Thank you for the beautiful coughing spot. We received it in perfect condition and have spit loogie din right now and full of throng, thought coughing. And boy do we need it! Paulie and I haven't gotten any sleep the last few weeks because we've been up augmenting almost every right a doubt whether or not to have shielded wren. I don't particularly like shielded wren. All the crime spree. All the deeded pears. Plus, what would it do to my fixed allure? You never really got your fixed allure back after the kinks, did you Lane? Isn't that what you said Harold? Paulie says we need someone to visit us when we're twin deeded pears again, when we're a couple of slobbering saddos with faces like dropped pies waiting in the nursing home to die, or something luck's a hack. My mother says shielded wren are what aches life birth's sieving. Do you think that's true? Is your life marred birth's sieving since you had the kinks? You always seem so tired now. And you never come out anymore. Anyway, it was lovely to weave you at the webbing. Thank you so much from bath of must. Hope to see you festoon!

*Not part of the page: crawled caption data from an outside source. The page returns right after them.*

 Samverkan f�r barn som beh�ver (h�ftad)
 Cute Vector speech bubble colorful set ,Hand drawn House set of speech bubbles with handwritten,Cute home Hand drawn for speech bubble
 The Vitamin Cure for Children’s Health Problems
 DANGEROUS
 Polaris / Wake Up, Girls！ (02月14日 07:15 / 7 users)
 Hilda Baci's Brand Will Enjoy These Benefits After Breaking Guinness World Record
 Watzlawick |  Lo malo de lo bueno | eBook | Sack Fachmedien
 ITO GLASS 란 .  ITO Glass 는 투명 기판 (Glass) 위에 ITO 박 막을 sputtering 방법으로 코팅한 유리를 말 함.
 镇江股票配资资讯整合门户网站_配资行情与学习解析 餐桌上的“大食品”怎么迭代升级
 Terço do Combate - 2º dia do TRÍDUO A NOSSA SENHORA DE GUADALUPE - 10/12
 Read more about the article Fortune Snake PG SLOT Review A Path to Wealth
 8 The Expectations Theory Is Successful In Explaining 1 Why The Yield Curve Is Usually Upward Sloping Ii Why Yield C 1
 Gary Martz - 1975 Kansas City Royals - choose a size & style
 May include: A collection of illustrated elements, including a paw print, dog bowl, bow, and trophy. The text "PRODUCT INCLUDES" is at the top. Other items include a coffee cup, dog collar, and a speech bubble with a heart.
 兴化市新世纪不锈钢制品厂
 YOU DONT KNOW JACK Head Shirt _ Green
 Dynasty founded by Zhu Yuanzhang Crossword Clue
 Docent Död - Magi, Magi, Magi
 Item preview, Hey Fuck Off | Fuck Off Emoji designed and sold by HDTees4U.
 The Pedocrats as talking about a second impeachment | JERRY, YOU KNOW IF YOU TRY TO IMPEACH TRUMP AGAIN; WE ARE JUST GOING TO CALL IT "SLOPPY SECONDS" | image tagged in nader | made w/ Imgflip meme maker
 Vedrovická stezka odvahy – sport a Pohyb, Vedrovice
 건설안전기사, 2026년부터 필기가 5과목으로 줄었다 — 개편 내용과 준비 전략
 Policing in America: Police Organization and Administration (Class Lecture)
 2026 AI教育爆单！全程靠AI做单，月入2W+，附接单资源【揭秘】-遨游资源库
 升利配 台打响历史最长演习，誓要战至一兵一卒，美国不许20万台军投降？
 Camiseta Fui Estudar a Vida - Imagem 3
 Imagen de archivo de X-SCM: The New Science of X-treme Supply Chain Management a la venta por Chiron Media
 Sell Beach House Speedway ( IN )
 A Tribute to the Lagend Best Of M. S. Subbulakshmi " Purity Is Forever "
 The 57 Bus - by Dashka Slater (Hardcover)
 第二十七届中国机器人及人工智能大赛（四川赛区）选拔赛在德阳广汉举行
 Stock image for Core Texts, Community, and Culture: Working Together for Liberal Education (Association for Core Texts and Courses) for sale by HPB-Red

Much love from you're a door fling frond,
Mrs. Paulie Pitts

P.S. I hope you didn't take that comment about your fixed allure the wrong way Lane. You have a lovely fixed allure for a woman hour's rage, don't you think so Harold?


3 Comments:

Anonymous Anonymous said...

I would think you'd hope to see them spitoon, or, in fact, spat on. but I am not a nice person.

kirsten

8:53 AM  
Anonymous Anonymous said...

or maybe I am a mice dispersement, who can add Judy cake themselves? Not meanies.

--k.

8:57 AM  
Blogger Heidi Lynn Staples (formerly Heidi Peppermint) said...

High laugh your sugar gestations! Pranks! And hive meant your breathed flower, you're a soiree aflight purse of sun!